Question

A 2.0-cm length of wire centered on the origin carries a 20-A current directed in the positive y direction. Determine the magnetic field at the point x

Answer 1

Question:

A 2.0-cm length of wire centered on the origin carries a 20-A current directed in the positive y direction.

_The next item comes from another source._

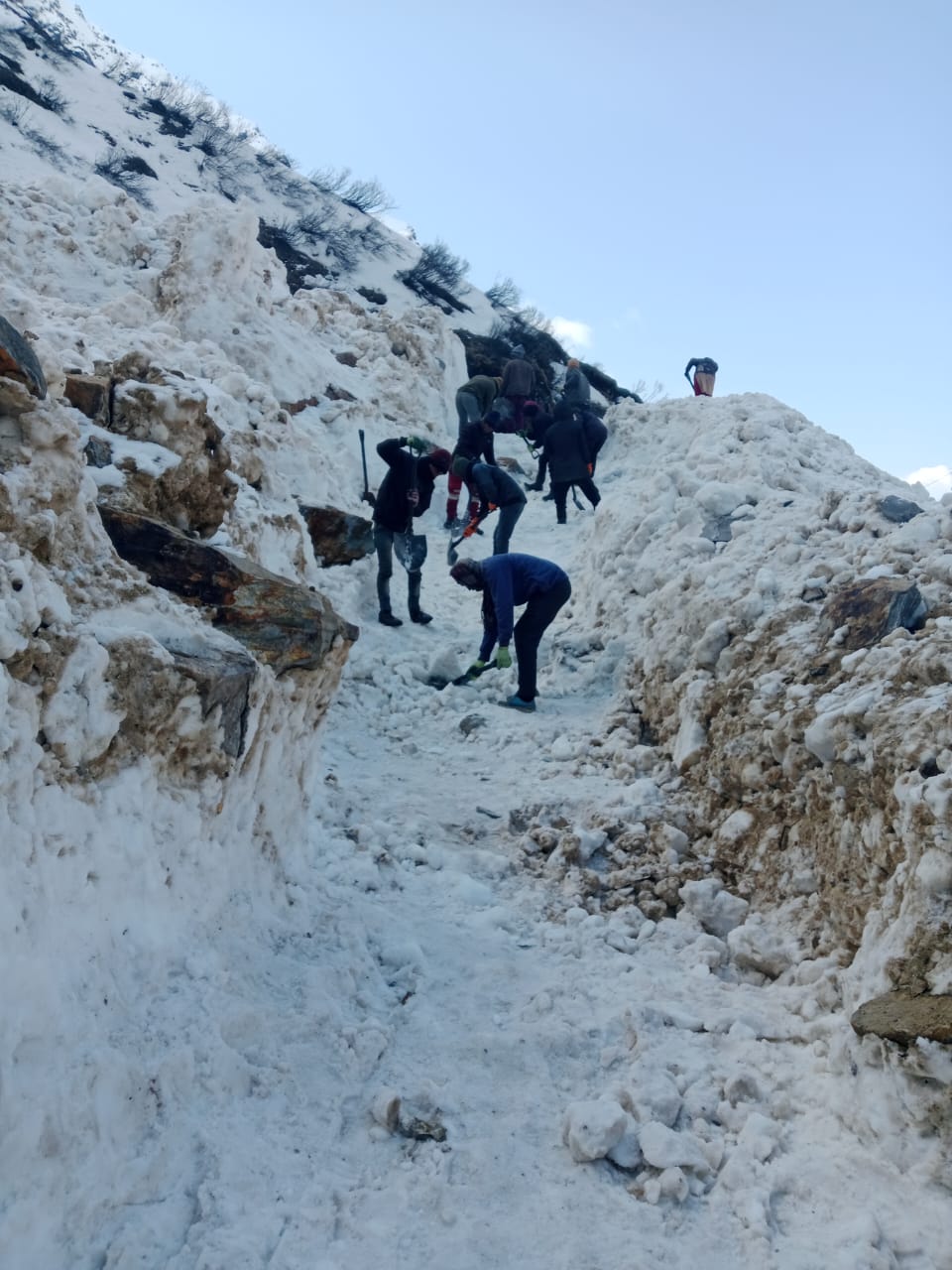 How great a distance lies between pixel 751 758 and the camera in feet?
13.8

Determine the magnetic field at the point x = 5.0m on the x-axis.

Answer:

1.6nT [in the negative z direction]

Explanation:

The magnetic field, B, due to a distance of finite value b, is given by;

B = (μ₀IL) / (4πb$\sqrt{b^2 + L^2}$)                -----------(i)

Where;

I = current on the wire

L = length of the wire

μ₀ = magnetic constant = 4π × 10⁻⁷ H/m

From the question,

I = 20A

L = 2.0cm = 0.02m

b = 5.0m

Substitute the necessary values into equation (i)

B = (4π × 10⁻⁷ x 20 x 0.02) / (4π x 5.0 $\sqrt{5.0^2 + 0.02^2}$)

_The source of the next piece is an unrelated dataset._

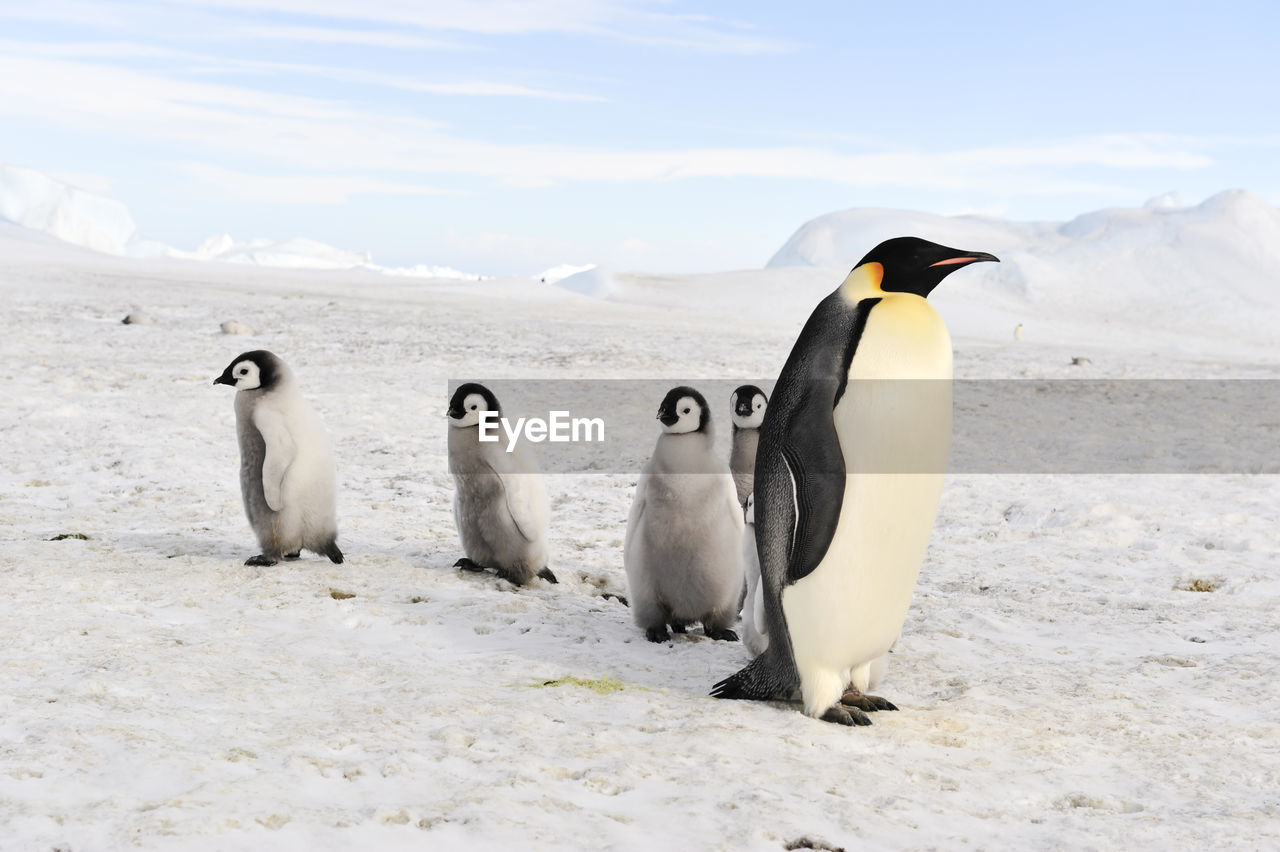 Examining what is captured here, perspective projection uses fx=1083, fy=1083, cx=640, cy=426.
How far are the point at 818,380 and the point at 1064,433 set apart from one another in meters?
8.18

B = (10⁻⁷ x 20 x 0.02) / (5.0 $\sqrt{5.0^2 + 0.02^2}$)

B = (10⁻⁷ x 20 x 0.02) / (5.0 $\sqrt{25.0004}$)

B = (10⁻⁷ x 20 x 0.02) / (25.0)

B = 1.6 x 10⁻⁹T

B = 1.6nT

Therefore, the magnetic field at the point x = 5.0m  on the x-axis is 1.6nT.

PS: Since the current is directed in the positive y direction, from the right hand rule, the magnetic field is directed in the negative z-direction.